A lot of navel-gazing pundits are bandying around the word ‘hero’ to describe people who are simply doing their jobs under difficult or even dangerous conditions. This has led to an understandable–and correct–backlash from those who are putting themselves at risk, who argue that they didn’t sign up for this level of exposure and risk (a risk that is further compounded by inadequate supplies and provisions). Calling them heroes makes it too easy to ignore our complicity in the unnecessary risks in which these workers find themselves.
So what do we call them? I want to reclaim the word patriot. Admittedly, the word patriot has fallen on hard times with rightwing AK-47-toting gun dorks using the word–not to mention right wing terrorists. But why should they have ‘ownership’ that word?
It’s a good word to describe people whose job makes the country a better place. That doesn’t mean, like most people, they don’t worry about things like career promotion, paychecks, and so on–they’re human. But a critical part of the job, which is one of their motivations for doing the job, is that the job makes the lives of their countrymen, fellow citizens, and neighbors better. That some people do this can seem quaint and old-fashioned to some, especially the powerful (does anyone really think Jarvanka truly understand this concept?).

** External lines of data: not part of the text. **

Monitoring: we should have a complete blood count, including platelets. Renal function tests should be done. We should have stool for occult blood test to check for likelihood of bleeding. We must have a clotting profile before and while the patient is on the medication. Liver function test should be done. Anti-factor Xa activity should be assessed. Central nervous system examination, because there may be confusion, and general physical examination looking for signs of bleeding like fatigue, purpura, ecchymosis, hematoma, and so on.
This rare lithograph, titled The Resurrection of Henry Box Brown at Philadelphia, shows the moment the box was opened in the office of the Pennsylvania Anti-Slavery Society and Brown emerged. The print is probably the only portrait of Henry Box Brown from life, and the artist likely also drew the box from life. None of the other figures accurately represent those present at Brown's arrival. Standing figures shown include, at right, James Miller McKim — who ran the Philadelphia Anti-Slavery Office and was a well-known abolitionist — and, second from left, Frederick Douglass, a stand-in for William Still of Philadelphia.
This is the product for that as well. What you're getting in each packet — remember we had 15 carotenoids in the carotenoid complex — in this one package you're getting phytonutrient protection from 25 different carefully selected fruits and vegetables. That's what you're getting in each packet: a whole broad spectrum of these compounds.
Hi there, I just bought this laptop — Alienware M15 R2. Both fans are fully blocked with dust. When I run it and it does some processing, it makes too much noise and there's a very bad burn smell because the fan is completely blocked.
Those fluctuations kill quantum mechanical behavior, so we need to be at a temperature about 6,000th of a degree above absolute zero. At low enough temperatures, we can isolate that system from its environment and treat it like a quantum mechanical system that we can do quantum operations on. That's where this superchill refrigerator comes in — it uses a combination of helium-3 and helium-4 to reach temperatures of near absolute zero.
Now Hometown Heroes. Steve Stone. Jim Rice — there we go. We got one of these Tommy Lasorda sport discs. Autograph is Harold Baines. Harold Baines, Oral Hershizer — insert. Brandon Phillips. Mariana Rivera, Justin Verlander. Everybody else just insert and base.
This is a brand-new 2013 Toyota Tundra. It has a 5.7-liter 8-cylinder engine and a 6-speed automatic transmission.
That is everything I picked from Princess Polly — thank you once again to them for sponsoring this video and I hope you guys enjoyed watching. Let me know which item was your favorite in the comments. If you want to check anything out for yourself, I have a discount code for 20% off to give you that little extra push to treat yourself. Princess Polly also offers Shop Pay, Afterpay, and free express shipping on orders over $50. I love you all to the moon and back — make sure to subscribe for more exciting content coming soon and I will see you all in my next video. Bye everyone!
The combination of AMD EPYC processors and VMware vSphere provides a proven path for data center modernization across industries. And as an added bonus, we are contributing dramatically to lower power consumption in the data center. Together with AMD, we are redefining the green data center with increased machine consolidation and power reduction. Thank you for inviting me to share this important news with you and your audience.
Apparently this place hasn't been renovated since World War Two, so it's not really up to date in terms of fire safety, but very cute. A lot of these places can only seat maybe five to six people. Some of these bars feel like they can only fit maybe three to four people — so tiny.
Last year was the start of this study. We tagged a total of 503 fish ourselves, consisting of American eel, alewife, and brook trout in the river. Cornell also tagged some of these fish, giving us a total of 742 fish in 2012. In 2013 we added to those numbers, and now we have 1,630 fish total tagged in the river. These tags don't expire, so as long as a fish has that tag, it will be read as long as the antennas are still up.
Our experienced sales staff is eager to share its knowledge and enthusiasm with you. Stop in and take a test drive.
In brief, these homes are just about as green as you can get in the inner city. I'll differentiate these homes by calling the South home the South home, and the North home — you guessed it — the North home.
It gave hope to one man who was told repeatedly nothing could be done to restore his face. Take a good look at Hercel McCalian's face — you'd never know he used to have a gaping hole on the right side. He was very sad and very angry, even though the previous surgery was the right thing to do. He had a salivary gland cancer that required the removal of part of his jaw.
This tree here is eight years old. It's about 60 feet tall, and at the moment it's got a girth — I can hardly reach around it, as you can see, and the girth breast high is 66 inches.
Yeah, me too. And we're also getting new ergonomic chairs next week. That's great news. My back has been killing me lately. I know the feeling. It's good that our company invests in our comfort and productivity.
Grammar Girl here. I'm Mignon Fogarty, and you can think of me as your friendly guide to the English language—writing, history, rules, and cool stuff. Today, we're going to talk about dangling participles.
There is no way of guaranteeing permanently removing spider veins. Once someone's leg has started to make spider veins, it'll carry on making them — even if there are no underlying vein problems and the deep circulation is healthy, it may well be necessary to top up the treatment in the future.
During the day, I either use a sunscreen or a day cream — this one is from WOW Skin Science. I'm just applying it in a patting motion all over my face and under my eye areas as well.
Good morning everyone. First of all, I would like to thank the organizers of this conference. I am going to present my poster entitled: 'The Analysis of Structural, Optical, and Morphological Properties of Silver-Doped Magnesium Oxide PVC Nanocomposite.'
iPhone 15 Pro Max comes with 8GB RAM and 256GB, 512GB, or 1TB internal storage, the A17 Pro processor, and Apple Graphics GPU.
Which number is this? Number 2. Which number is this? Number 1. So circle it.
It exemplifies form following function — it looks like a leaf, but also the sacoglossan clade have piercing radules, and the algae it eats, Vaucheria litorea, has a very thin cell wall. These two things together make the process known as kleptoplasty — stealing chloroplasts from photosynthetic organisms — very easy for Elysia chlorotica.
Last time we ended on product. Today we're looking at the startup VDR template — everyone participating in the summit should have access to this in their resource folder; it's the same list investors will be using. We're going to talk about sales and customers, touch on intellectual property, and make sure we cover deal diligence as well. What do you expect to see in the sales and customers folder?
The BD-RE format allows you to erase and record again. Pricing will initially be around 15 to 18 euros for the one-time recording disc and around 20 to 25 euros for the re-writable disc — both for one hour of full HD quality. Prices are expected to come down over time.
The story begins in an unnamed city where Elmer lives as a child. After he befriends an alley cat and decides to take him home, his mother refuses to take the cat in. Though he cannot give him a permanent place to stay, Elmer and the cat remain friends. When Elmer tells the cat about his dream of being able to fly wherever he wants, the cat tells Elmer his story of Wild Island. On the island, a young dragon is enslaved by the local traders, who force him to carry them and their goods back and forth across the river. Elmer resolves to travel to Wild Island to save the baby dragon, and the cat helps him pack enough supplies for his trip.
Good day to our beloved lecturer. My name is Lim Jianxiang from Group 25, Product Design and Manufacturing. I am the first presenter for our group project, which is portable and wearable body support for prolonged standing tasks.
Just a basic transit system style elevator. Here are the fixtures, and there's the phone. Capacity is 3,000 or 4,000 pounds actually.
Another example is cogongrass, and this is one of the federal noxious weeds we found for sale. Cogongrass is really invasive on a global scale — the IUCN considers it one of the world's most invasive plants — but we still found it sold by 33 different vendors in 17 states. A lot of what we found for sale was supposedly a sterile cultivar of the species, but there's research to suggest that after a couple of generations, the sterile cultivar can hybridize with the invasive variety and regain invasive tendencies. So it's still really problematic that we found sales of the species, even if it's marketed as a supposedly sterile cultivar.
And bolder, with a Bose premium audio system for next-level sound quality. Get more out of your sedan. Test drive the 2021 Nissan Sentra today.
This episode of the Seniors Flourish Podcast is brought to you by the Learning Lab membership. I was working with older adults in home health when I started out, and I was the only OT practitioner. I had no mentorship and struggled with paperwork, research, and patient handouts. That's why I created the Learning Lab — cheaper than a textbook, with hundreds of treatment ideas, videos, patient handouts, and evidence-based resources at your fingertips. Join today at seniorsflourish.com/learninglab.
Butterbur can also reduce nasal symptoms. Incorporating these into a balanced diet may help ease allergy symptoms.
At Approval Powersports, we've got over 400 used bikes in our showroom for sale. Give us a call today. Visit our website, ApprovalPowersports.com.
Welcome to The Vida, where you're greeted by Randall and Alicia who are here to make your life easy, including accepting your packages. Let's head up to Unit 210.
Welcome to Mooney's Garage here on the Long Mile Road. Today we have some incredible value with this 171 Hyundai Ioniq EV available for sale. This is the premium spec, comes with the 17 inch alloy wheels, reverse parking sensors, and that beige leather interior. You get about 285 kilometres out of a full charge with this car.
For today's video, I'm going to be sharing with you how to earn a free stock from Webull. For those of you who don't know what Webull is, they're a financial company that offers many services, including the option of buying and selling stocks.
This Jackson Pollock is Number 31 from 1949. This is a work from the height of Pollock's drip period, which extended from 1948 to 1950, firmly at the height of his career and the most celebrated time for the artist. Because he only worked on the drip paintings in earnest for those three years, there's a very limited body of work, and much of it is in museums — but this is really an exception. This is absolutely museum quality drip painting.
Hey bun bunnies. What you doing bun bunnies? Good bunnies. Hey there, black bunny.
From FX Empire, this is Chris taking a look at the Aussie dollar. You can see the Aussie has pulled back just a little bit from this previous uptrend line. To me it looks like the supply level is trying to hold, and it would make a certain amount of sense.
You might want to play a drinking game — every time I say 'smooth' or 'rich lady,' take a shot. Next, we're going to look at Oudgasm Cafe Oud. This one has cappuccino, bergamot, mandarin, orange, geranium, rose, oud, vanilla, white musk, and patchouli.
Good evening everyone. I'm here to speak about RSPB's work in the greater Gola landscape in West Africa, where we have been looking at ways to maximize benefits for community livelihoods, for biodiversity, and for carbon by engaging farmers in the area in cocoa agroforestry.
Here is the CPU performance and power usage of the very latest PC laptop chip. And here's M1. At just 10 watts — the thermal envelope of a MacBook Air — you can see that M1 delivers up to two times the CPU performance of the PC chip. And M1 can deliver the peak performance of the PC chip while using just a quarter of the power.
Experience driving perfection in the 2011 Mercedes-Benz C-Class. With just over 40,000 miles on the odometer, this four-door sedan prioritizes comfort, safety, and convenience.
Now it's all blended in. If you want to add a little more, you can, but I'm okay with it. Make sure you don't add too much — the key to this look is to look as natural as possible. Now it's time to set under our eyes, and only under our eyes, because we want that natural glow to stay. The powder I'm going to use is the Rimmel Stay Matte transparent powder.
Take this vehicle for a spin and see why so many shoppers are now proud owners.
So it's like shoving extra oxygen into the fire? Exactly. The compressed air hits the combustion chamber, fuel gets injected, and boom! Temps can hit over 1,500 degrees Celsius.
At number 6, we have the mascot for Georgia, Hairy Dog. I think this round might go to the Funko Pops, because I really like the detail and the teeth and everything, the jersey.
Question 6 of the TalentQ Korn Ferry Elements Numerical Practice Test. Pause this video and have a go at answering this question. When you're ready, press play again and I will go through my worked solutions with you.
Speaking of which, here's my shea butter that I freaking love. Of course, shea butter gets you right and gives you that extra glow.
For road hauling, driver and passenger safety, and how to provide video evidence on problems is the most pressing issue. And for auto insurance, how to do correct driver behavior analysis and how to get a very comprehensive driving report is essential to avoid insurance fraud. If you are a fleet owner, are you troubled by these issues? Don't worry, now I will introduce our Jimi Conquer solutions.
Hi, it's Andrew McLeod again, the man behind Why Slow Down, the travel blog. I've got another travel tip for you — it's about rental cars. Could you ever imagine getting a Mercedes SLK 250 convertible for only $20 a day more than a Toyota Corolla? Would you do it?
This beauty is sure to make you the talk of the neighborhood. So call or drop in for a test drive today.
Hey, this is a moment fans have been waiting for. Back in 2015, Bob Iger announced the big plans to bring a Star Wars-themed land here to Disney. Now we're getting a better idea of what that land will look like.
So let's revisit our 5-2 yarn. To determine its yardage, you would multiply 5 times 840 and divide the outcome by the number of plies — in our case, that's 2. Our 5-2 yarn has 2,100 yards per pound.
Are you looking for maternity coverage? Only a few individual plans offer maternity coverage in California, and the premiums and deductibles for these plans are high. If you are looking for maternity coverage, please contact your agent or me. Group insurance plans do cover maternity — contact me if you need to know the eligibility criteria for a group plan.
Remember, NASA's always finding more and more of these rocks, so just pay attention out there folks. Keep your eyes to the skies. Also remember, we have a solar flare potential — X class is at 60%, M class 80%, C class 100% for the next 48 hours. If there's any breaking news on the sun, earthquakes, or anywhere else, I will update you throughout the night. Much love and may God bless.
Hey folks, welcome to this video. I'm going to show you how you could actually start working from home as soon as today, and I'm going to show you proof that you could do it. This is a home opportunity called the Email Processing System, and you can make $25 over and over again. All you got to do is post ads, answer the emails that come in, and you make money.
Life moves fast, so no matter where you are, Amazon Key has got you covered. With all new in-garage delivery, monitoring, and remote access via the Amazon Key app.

Importantly, the term doesn’t require sacrifice, though in a heavily militarized society like the U.S. the term is too often wrapped up in sacrifice, just service. A kindergarten teacher shouldn’t have to be cool under fire to serve and serve well.
Patriotism shouldn’t–and doesn’t–require nerves of steel; some people just aren’t wired that way. But lots of people can serve, and are willing to do so. Let’s take back the term patriot to describe them.